Cyber security group Huntress Labs said on Saturday that it had identified 20 compromised managed service providers, with more than 1,000 of its clients falling victim to ransomware attacks — where data is encrypted by hackers and only released if a ransom is paid.
Among them, Coop in Sweden said it had closed all but five of its 800 stores on Saturday, after the attack meant its cash register system and self-service checkouts had stopped working. Coop was affected after its managed service provider Vissma Escom was hit, it said.
Huntress attributed the attacks to REvil, the notorious Russia-linked ransomware cartel that the FBI claimed was behind recent crippling attack on beef supplier JBS.
During a trip to Michigan on Saturday, Joe Biden said he had been briefed on the attacks and ordered US intelligence agencies to investigate who was behind them but there was not indication so far that they were state sponsored. “The initial thinking was it was not the Russian government, but we’re not sure yet,” the US president said.
The incident is the latest example of hackers weaponising the IT supply chain in order to attack victims at scale, by breaching just one provider. Last year it emerged that Russian state-backed hackers had hijacked the SolarWinds IT software group in order to penetrate the email networks of US federal agencies and corporations.
Kaseya said in a blog post that it had been the victim of a “sophisticated cyber attack” and that around 40 of its direct 36,000 customers had been affected. It urged those using the compromised “VSA server” tool, which provides remote monitoring and patching capabilities, to shut it down immediately.
“We have been advised by our outside experts, that customers who experienced ransomware and receive communication from the attackers should not click on any links — they may be weaponised,” it said.
“We believe that we have identified the source of the vulnerability and are preparing a patch to mitigate it for our on-premises customers that will be tested thoroughly,” the company added.

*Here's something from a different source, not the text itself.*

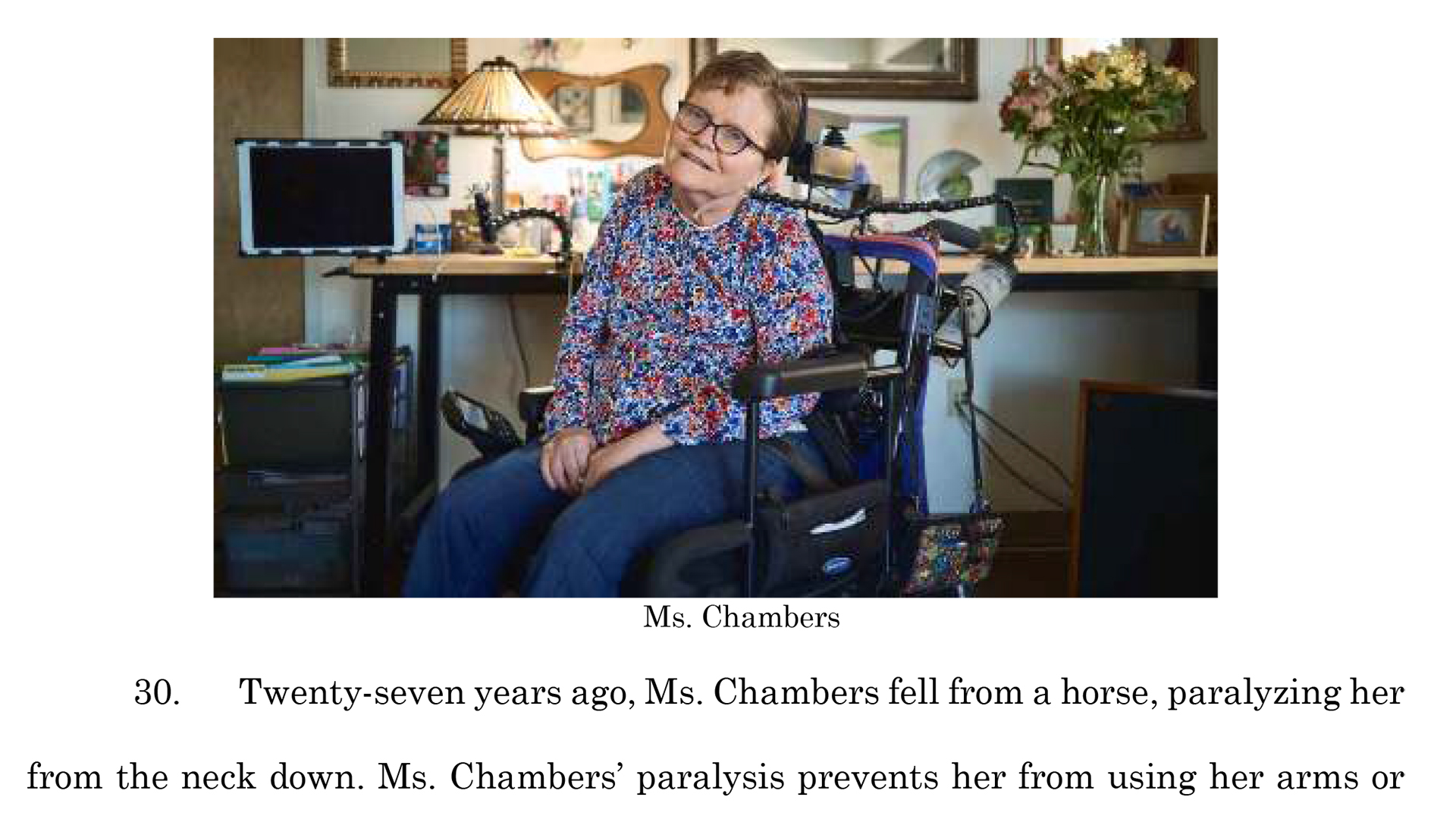 A screenshot from a lawsuit shows a photo of Martha Chambers with the caption "Ms. Chambers" and followed by a truncated line that reads, "30. Twenty-seven years ago, Ms. Chambers fell from a horse, paralyzing her from the next down. Ms. Chambers' paralysis prevents her from using her arms or..."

Allan Liska of Recorded Future’s computer security incident response team said that the clients of managed service providers tended to be small and medium size companies seeking IT support, with the attacks highlight the risks of relying on centralised third parties.
“We’ve essentially handed over too much trust so that if something happens to them, it becomes a catastrophic event for your organisation through no fault of your own,” he said.
In an alert on Friday, the Cybersecurity and Infrastructure Security Agency said that it was “taking action to understand and address the recent supply-chain ransomware attack”.
The campaign is the latest in a series of audacious ransomware attacks this year, including one on America’s Colonial Pipeline, which have prompted pledges from the Biden administration to crack down on perpetrators.
At last month’s Geneva summit, president Joe Biden urged Russian president Vladimir Putin to rein in ransomware hackers, many of which are believed to operate with impunity in the country.